Re: [sqlite] Limiting the result set size at each recursive step in a CTE

2019-05-08 Thread R Smith

On 2019/05/07 7:57 PM, Thomas Zimmermann wrote:

Hi!

Sometimes it is desirable to limit the size of the queue¹ in a 
recursive CTE//...



CREATE TABLE comment (
    comment_id INTEGER PRIMARY KEY,
    parent_comment_id INTEGER REFERENCES comment (comment_id),
    created_at INTEGER NOT NULL -- timestamp, bigger means newer
);
CREATE INDEX comment_hierarchy ON comment (parent_comment_id, 
created_at DESC);


WITH RECURSIVE //...


I would be very interested in a general solution that still allows for 
the adjacency list design,

but I'm open to denormalization. :)



It's tricky, but there is a solution now that Window-functions have 
joined the fray.


Essentially what we need is to first extract from the table a list of 
all the sub comments by parent comment, but while the query order is not 
helpful, we can partition by the parent-comment-ID's and number the rows 
(which we CAN apply a sort-order to thanks to the Window function 
methodology), so the first CTE does just that.


The next step is to list the origin rows (which have parent_id = NULL) 
and then amend to them every sub-comment belonging to them, but only 
where the created row-order ID is less than 100 (or whatever value you 
pick).


Lastly, we only use full sorting order in the very final query (outside 
the CTE's) according to main comment dates and sub-comment id's, which 
would make things fastest. This solution will work universally for all 
similar types of tree-queries.


While this compiles/runs, I have not been able to test this with data 
because you gave no data and I was too lazy to make up data, but I'm 
pretty sure it would work.

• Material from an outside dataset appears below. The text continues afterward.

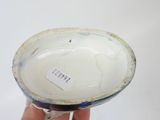 a person holding a small bowl with a tag on it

If it doesn't, please send some data and 
expected outcome, then we can fix it.


WITH RECURSIVE
    comments_by_parent(subid, comment_id, parent_comment_id, 
created_at) AS (
    SELECT ROW_NUMBER() OVER (PARTITION BY c.parent_comment_id 
ORDER BY c.created_at DESC) AS subid,

   c.comment_id, c.parent_comment_id, c.created_at
  FROM comment AS c
 WHERE c.parent_comment_id IS NOT NULL
),  sorted_comment(comment_id, created_at, sub_comment_id, 
sub_created_at, depth, idx) AS (

    SELECT comment_id, created_at, NULL, NULL, 0, 0
    FROM (SELECT comment_id, created_at
        FROM comment
       WHERE parent_comment_id IS NULL
       ORDER BY created_at DESC
       LIMIT 100
         )
    UNION ALL
    SELECT sc.comment_id, sc.created_at, cp.comment_id, 
cp.created_at, sc.depth + 1, cp.subid

  FROM sorted_comment AS sc
  JOIN comments_by_parent AS cp ON cp.parent_comment_id = 
sc.comment_id

 WHERE cp.subid < 100
)
SELECT comment_id, created_at, sub_comment_id, sub_created_at, depth, idx
  FROM sorted_comment
 ORDER BY created_at, comment_id, idx
;


Good luck!
Ryan




___
sqlite-users mailing list
sqlite-users@mailinglists.sqlite.org
http://mailinglists.sqlite.org/cgi-bin/mailman/listinfo/sqlite-users


[sqlite] Limiting the result set size at each recursive step in a CTE

2019-05-07 Thread Thomas Zimmermann

Hi!

Sometimes it is desirable to limit the size of the queue¹ in a recursive 
CTE when the
domain allows for it. That puts an upper bound on processing time, even 
when the given table is huge.
This can be achieved by adding a LIMIT clause at every step (setup and 
recursive).
But there is my problem: The setup step allows subqueries, but the 
recursive step doesn't.

Is there a general solution available?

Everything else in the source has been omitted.